Two decades after the fact, I finally managed to get hold of a copy of Ted Gioia’s slim volume (152 pp.), and read it all in one sitting. For what it’s worth, I found it rich, learned, well-written, and—yes—thought-provoking. I was particularly taken with the chapter, “Jazz and the Primitivist Myth,” which explores how jazz was embraced as a modernist art form because its earliest and most enthusiastic writers (mostly European) were also immensely interested in the idealization and theorization of the primitive. He observes that primitivism was a source of modernist art, but also served as a critique. In the late nineteenth and early twentieth centuries, “primitive” and “exotic” others of non-Western cultures started attracting the attention of Western artists and became sources of new ideas and new forms: Picasso’s “Cubism” for example, or Puccini’s “Oriental” operas such as Madame Butterfly and Turandot. (The plundering of so-called “world music” by many contemporary pop music artists is an expression of the same impulse.) In other words, primitivism and exoticism became a fashion and also sources for “high” art. Gioia points out that one of the distortions of jazz by its early theorists resulted from the treatment of jazz as “natural” and “primitive”: French theorist and jazz lover Hugues Panassie—the “Venerable Frog”—was capable of writing:

primitive man generally has greater talent than civilized man. An excess of culture atrophies inspiration, and men crammed with culture tend too much to play tricks, to replace inspiration by lush technique under which one finds music stripped of real vitality (qtd. by Gioia, pp. 29-30)

Such presuppositions led to critiques of Louis Armstrong, for instance, as a “primitive genius.” Robert Goffin was to observe about Louis Armstrong, in Jazz: From the Congo to the Metropolitan, that Armstrong “is a full-blooded Negro. He brought the directness and spontaneity of his race to jazz music.”

Thus primitivism became a source for modernist art, and an individual who claimed to be a “modern” embraced jazz, even if he or she didn’t quite understand what it was doing musically. The influence of African masks on Picasso’s Les Demoiselles d’Avignon (1907, pictured), for instance, is an illustration of the way primitivism influenced modernist art. The painting depicts five naked prostitutes in a brothel; two of them push aside curtains around the space where the other women strike seductive and erotic poses. But their figures are composed of flat, splintered planes, their eyes are lopsided, and two of them have masks for heads. Their faces were influenced by African masks that Picasso assumed had once functioned as a kind of apotropaic magic—protection against evil spirits. Indeed, he was to say later that this painting was his “first exorcism painting,” and a particular danger he had in mind was life-threatening sexual disease, a source of considerable anxiety in Paris at the time—after all, these were days before penicillin.

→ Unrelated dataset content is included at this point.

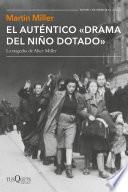 El auténtico drama del niño dotado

Of course, as Gioia points out, “jazz is not primitive art. Nor, like the works of Picasso or Modigliani, is it imitative of primitive art. The jazz artist could not achieve the naïve attitude of the Lascoux cave painter even if he tried. And far from trying to imitate such artlessness, the jazz musician has strived, from as far back as we can trace, to increase his level of sophistication and his knowledge of his craft” (p. 45) But such was the power of the “Primitivist Myth” to distort perceptions of jazz music. As Gene Lees (b. 1928, author for years of the monthly Jazzletter) observes in his review of Barry Singer’s Black and Blue: The Life and Lyrics of Andy Razaf (1992):

If the work of black songwriters and performers emphasized the torrid and wanton sexuality that was supposed to be a racial characteristic, it was because that was the way white publishers and producers perceived black people and because they demanded that black people be shown as lascivious exotics in entertainment designed for white audiences. Jazz as we know it emerged not as a black music meant for black audiences but largely as a black music for white audiences; blacks were barred from the audiences of Connie’s Inn and the Cotton Club.